»»

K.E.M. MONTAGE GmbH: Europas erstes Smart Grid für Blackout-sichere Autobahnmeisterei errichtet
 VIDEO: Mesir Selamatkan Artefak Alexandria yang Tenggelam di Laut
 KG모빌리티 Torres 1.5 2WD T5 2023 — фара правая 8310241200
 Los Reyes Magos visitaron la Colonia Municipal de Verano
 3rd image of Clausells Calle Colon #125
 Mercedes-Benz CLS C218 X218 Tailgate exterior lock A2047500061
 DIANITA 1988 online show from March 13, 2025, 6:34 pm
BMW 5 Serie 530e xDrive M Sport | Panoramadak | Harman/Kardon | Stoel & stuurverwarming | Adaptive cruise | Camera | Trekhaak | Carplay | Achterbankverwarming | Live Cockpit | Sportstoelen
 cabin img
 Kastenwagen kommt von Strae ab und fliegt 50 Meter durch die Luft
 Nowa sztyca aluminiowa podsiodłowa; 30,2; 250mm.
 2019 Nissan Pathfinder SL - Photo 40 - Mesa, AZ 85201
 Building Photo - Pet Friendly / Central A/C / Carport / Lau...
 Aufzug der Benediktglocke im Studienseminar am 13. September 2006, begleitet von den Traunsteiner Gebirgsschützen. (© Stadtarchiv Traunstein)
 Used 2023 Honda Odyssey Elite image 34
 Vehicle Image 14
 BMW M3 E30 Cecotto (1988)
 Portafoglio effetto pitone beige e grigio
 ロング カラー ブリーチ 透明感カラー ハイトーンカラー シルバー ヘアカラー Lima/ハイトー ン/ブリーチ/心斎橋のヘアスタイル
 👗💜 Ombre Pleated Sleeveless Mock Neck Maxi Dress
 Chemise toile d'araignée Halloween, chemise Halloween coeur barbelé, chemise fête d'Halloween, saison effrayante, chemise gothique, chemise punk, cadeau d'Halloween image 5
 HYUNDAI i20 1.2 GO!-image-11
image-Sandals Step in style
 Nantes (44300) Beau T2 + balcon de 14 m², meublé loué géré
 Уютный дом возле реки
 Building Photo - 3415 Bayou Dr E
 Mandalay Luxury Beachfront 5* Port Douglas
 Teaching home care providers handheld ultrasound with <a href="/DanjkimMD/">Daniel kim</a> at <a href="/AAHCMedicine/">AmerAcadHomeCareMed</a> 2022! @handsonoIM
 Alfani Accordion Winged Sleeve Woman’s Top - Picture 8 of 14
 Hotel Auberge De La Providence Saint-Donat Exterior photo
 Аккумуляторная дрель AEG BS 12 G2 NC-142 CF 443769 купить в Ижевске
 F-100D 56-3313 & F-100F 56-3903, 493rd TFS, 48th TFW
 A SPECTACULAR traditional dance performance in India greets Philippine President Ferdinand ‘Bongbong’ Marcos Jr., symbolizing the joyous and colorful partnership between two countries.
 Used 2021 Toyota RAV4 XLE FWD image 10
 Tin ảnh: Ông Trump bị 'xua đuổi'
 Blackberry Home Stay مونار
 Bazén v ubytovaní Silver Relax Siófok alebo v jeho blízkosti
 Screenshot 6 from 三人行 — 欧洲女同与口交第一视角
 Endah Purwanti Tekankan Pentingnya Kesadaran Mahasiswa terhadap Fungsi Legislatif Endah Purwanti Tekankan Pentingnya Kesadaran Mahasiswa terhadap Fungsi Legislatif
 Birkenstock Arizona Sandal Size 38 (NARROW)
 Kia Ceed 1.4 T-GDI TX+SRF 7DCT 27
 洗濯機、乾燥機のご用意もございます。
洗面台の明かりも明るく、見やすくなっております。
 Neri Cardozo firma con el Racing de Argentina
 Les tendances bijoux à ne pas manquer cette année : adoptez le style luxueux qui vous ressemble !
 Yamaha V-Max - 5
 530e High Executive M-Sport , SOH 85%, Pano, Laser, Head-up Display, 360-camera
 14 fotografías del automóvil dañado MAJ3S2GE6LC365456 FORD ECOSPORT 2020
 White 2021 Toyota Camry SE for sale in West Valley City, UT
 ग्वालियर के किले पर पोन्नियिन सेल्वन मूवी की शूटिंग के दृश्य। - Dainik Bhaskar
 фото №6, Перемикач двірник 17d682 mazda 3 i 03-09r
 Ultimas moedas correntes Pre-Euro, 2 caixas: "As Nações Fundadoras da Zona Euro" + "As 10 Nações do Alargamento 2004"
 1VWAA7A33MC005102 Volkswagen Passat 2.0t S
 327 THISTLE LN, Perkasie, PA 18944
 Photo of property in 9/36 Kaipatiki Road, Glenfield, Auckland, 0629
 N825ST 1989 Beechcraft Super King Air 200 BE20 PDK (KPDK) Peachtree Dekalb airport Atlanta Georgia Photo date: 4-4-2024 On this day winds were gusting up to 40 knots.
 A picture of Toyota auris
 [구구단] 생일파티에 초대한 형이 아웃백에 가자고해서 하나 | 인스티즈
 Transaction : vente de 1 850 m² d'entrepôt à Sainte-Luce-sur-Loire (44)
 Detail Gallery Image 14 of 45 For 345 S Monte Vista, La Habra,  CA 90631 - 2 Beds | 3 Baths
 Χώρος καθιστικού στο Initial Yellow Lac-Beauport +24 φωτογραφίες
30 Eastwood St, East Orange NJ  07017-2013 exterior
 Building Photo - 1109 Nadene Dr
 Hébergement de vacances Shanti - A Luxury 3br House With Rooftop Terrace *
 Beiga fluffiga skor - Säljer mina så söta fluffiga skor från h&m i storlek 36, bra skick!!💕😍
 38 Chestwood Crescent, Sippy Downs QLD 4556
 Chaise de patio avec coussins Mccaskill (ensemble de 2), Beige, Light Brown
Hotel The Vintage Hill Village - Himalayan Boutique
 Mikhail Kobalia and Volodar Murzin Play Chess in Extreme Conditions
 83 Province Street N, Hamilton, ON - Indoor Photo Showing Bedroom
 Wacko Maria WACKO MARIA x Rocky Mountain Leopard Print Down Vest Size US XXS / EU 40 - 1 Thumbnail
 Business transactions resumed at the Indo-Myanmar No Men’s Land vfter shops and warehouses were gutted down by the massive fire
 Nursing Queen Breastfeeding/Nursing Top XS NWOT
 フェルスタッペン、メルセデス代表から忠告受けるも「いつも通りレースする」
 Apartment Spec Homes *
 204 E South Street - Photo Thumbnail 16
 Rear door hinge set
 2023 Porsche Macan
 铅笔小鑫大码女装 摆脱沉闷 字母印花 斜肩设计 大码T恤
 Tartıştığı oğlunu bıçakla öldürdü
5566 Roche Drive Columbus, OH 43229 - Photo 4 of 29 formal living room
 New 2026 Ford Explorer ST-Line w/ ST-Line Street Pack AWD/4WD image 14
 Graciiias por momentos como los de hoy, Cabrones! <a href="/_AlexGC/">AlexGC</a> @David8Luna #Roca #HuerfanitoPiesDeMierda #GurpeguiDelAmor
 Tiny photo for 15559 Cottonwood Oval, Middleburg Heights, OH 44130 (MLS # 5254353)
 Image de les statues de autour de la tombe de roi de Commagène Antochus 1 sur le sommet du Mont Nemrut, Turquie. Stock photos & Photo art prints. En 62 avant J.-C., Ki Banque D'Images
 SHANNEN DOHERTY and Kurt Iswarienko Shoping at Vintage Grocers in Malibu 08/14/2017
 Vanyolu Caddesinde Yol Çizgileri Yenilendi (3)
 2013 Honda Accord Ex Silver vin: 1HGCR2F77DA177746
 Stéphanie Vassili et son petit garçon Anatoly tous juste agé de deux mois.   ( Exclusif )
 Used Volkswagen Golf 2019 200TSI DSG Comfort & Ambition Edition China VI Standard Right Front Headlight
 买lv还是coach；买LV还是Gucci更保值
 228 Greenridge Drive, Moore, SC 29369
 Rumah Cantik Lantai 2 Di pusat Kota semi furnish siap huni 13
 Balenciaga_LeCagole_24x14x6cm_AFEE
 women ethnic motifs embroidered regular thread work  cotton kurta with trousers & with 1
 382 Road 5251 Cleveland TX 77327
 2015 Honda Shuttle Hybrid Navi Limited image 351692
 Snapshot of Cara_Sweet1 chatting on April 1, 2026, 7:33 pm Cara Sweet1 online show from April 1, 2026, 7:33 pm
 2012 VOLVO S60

««

**TASK STATEMENT**
Extract every line from the records above that contains the word "online".

**EXPECTED ANSWER**
 DIANITA 1988 online show from March 13, 2025, 6:34 pm
 Snapshot of Cara_Sweet1 chatting on April 1, 2026, 7:33 pm Cara Sweet1 online show from April 1, 2026, 7:33 pm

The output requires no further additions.